**SOURCE MATERIAL:**
##########
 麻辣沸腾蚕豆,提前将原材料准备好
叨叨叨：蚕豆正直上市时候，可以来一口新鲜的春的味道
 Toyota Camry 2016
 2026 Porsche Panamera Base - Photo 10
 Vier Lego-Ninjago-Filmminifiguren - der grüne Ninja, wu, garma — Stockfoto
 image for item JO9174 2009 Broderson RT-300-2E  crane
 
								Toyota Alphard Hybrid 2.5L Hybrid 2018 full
##########
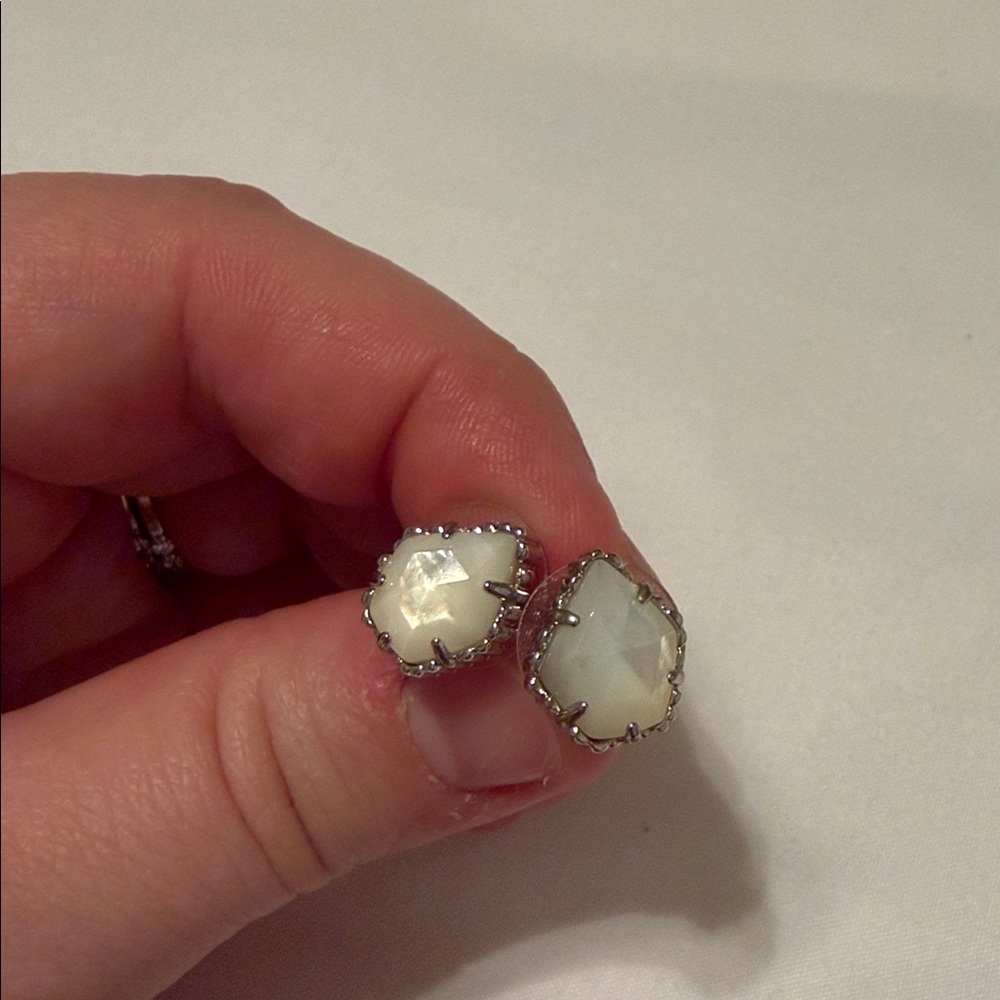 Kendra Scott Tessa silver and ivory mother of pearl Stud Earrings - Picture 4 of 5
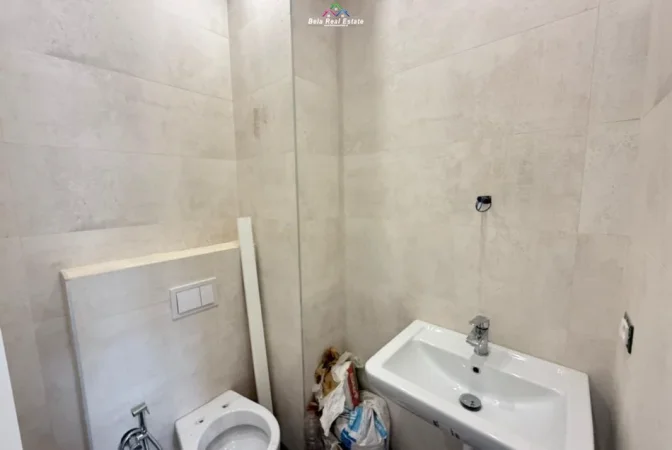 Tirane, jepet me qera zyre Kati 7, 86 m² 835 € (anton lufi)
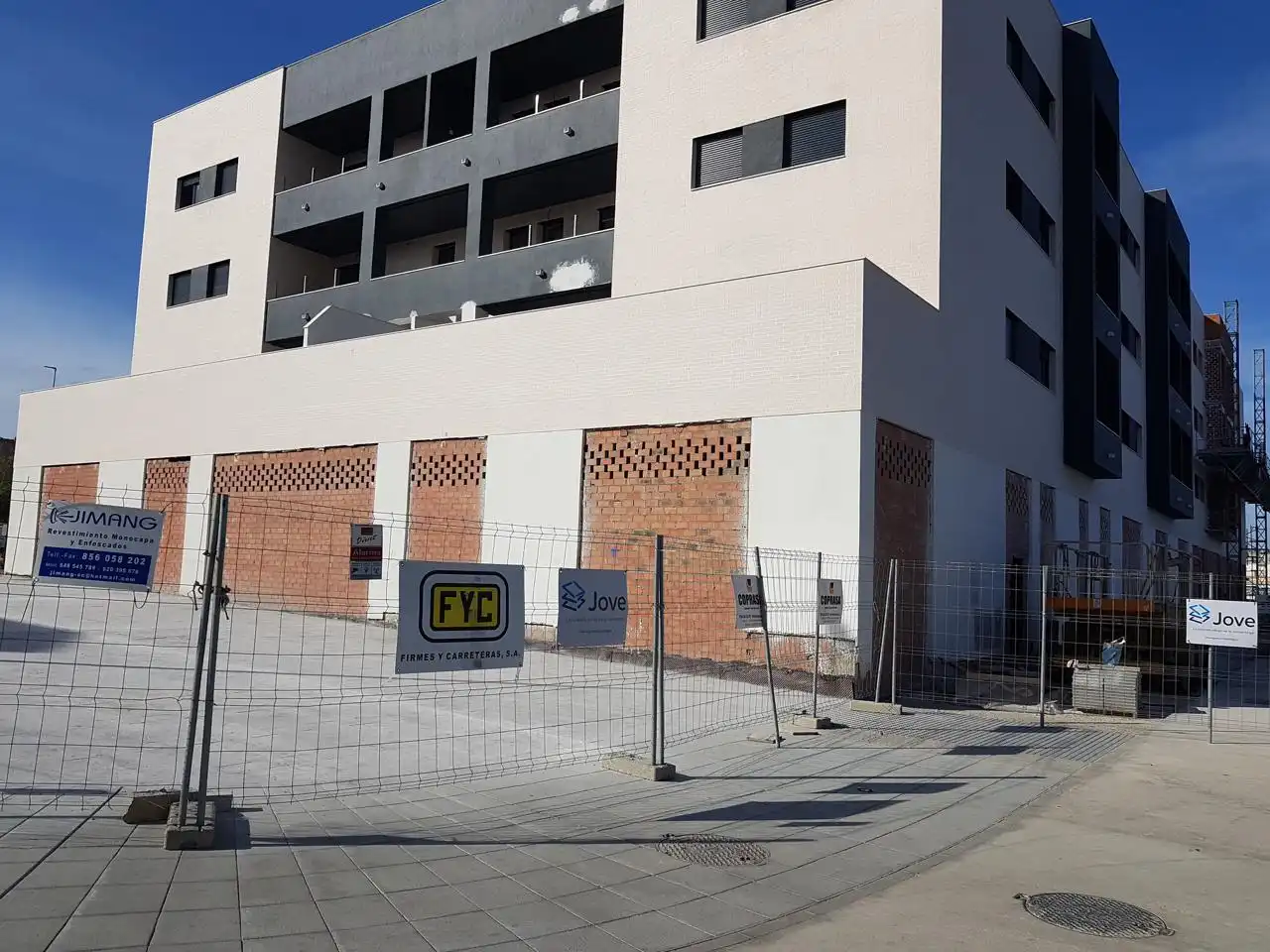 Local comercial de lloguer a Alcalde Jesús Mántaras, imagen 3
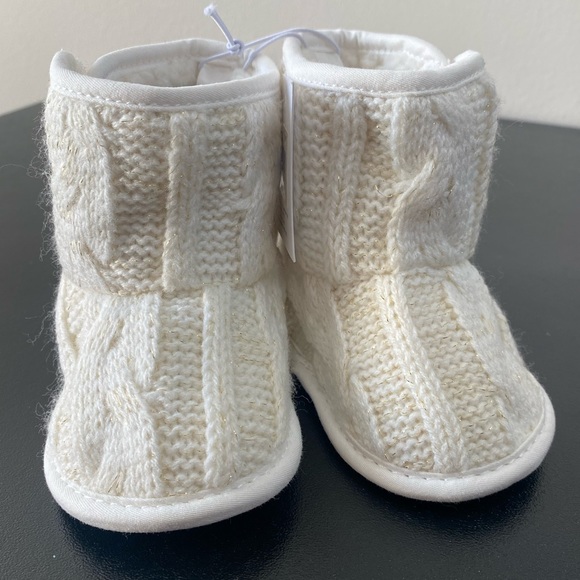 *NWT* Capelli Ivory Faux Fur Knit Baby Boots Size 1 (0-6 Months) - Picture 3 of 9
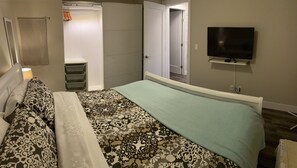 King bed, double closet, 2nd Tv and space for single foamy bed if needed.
##########
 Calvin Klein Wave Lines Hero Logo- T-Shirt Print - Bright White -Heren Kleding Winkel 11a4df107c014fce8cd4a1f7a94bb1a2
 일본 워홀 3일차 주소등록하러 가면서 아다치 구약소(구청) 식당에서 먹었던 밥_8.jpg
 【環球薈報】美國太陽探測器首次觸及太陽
##########
**WORK ORDER:**
When a line in the listing has the string "Toyota" in it, return that line.

**EXPECTED OUTPUT:**
 Toyota Camry 2016
								Toyota Alphard Hybrid 2.5L Hybrid 2018 full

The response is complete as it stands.